There’s a long history of towns throwing the regulatory kitchen sink at housing projects they don’t want, even if state laws such as Chapter 40B mandate their approval. And it is not uncommon for residents or municipalities to sue to try and block new developments they don’t want. Even if the projects are eventually approved or the lawsuits dismissed, the drawn-out process drives up costs and prompts some developers to give up.


That is a dynamic the attorney general’s office hopes the housing unit can help end. That could mean writing amicus briefs, or getting into the legal mud in order to help advance projects held up by lawsuits or arduous approval processes. It would represent a significant shift from past attorneys general and governors, who for the most part stayed out of local land-use issues.

“We will give voice to the strong state interest in making sure that development that is legal is allowed to be built,” Moore said.

A group of Milton residents has triggered a referendum on the town’s MBTA communities zoning, which Town Meeting approved in December.Lane Turner/Globe Staff

One major battleground for the new department could be the MBTA communities law, which requires cities and towns served by public transit to zone for multifamily housing.
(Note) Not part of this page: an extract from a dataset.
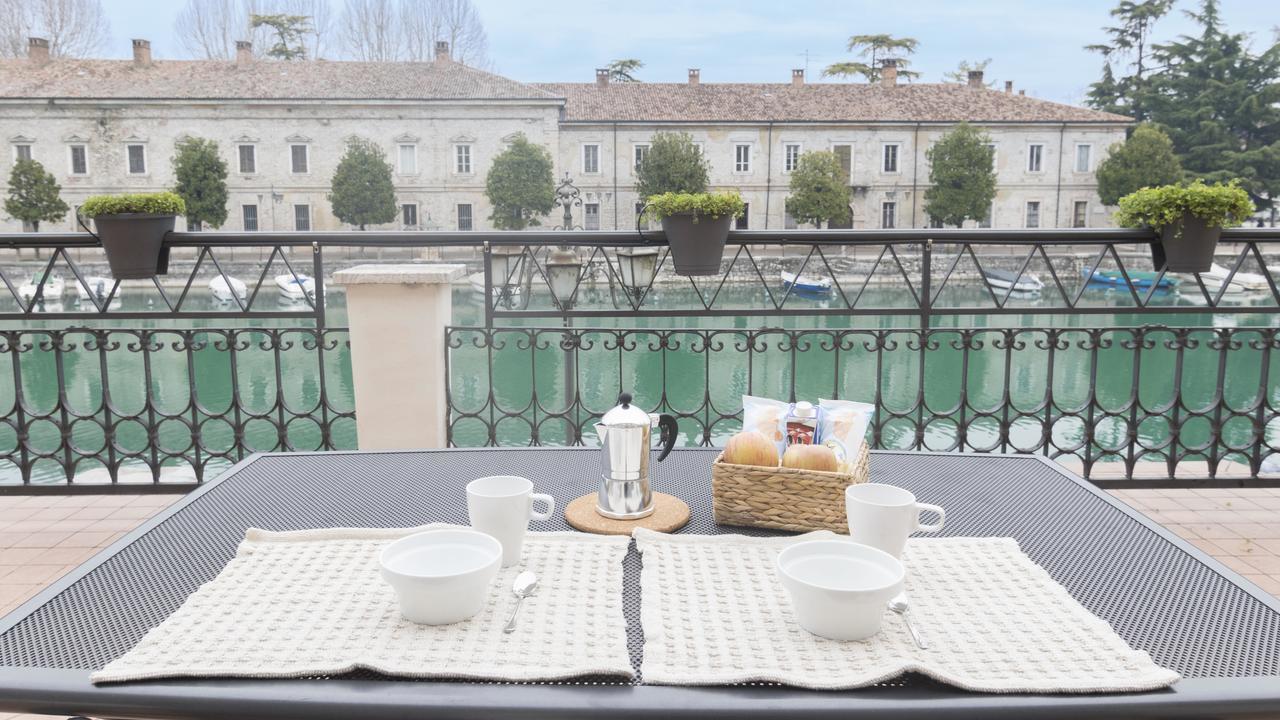 Fiori Sull'Acqua Apartments Песк'єра-дель-Гарда Екстер'єр фото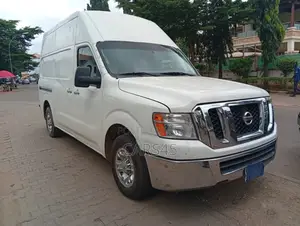 Nissan NV3500 2017 White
In Milton, a group of residents has forced a referendum later this month on the town’s newly approved MBTA communities zoning plan. And several towns have publicly questioned the state’s authority to draft zoning guidelines for the law.

The new housing division could very well become involved in any legal battles that arise as more than 130 more communities are due to enact their MBTA communities plans this year, Campbell’s office said. The division will also be monitoring municipalities to ensure they are implementing those rules after they pass them.
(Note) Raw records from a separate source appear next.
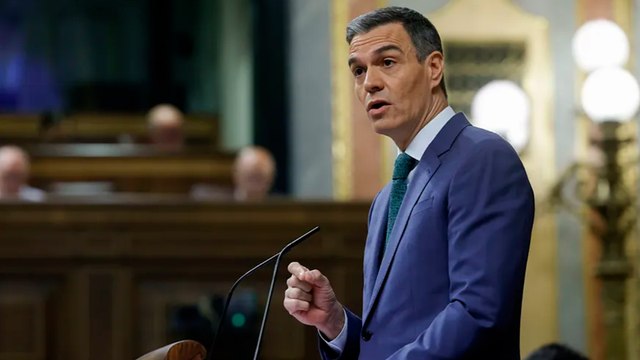 Sánchez no concreta su plan para los medios y acusa a la oposición de comprar líneas editoriales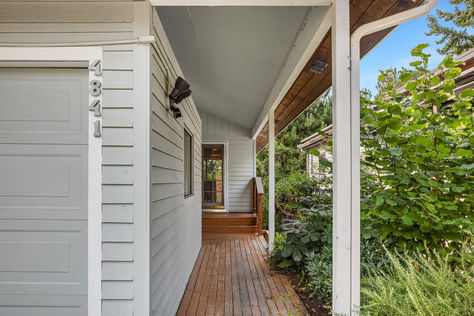 4841 38th Ave SW Seattle WA 49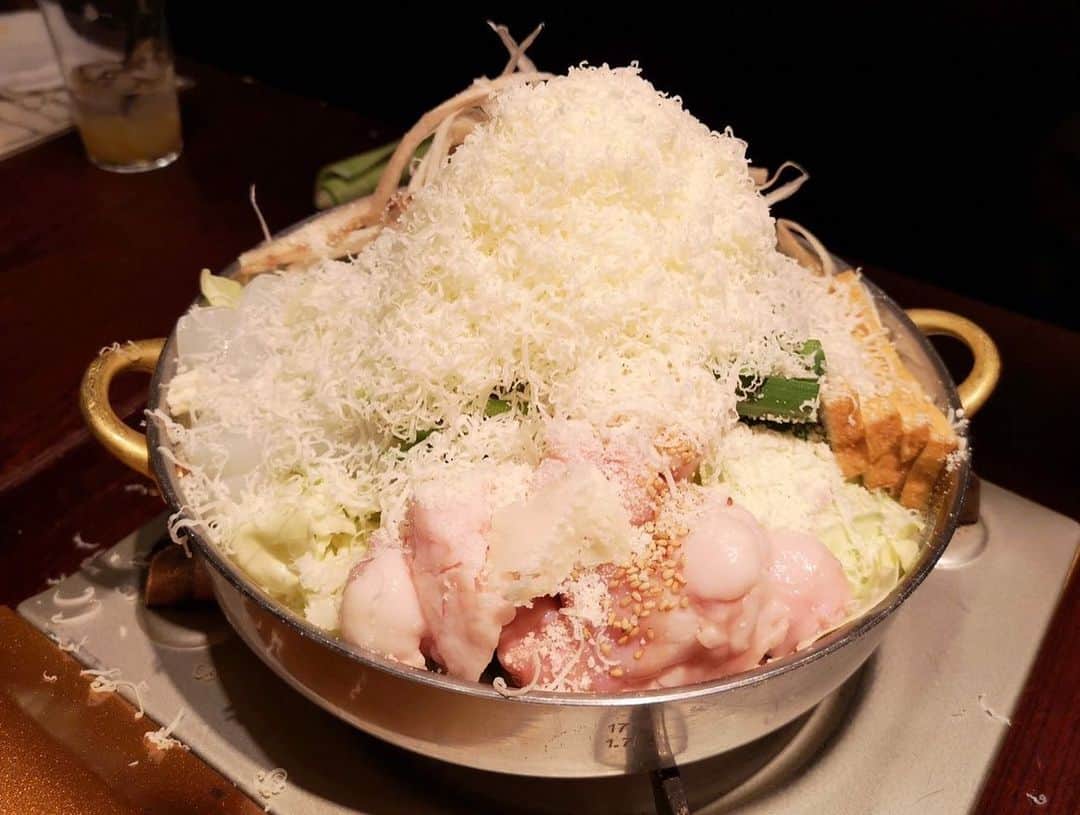 大雅さんのインスタグラム写真 - (大雅Instagram)「昨年の大晦日に出場したRIZIN.20でスポンサードしてくださった「高級食パン専門店 どんだけ自己中」の河村社長たちと渋谷にある「もつ吉」にて食事会をさせていただきました。 何でもめちゃくちゃ美味いです！写真はチーズスタンドとのコラボのやつ。 食パンもめちゃくちゃ美味い。笑 ありがとうございました！ #どんだけじこちゅー #どんだけ自己中#食パン #もつ吉」2月7日 15時00分 - taiga_814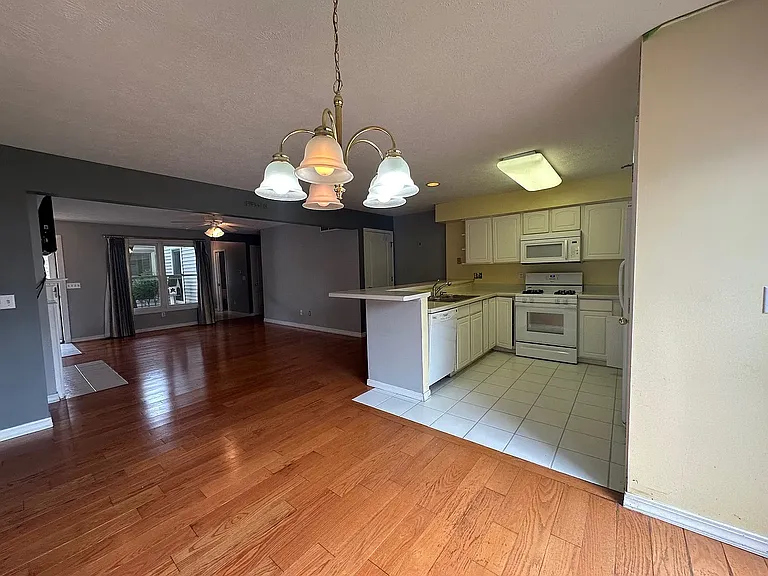 12 Yotzonot Dr — Photo 9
While the exact duties of the Housing Affordability Unit are still undefined, Campbell’s office is moving in a similar direction as the California attorney general’s office, which created a similar Housing Justice Team in 2021. That team has sued multiple California communities over their refusal to implement state-mandated housing plans, ordered others to approve specific apartment projects, and secured settlements from landlords over violations of California eviction laws

Campbell’s office said the housing division will also make an effort to educate local officials on fair housing laws and practices that may violate those rules. Many communities, for example, allow affordable housing projects only for seniors and specifically prevent the development of units that could house low-income families, which in some instances, Moore said is illegal.

“We can’t have a system where if a municipality finds state upzoning requirements inconvenient or for some reason undesirable, they get to ignore them,” Moore said. “That’s not how the law works for anybody, and it is not going to be how the law works for local government.”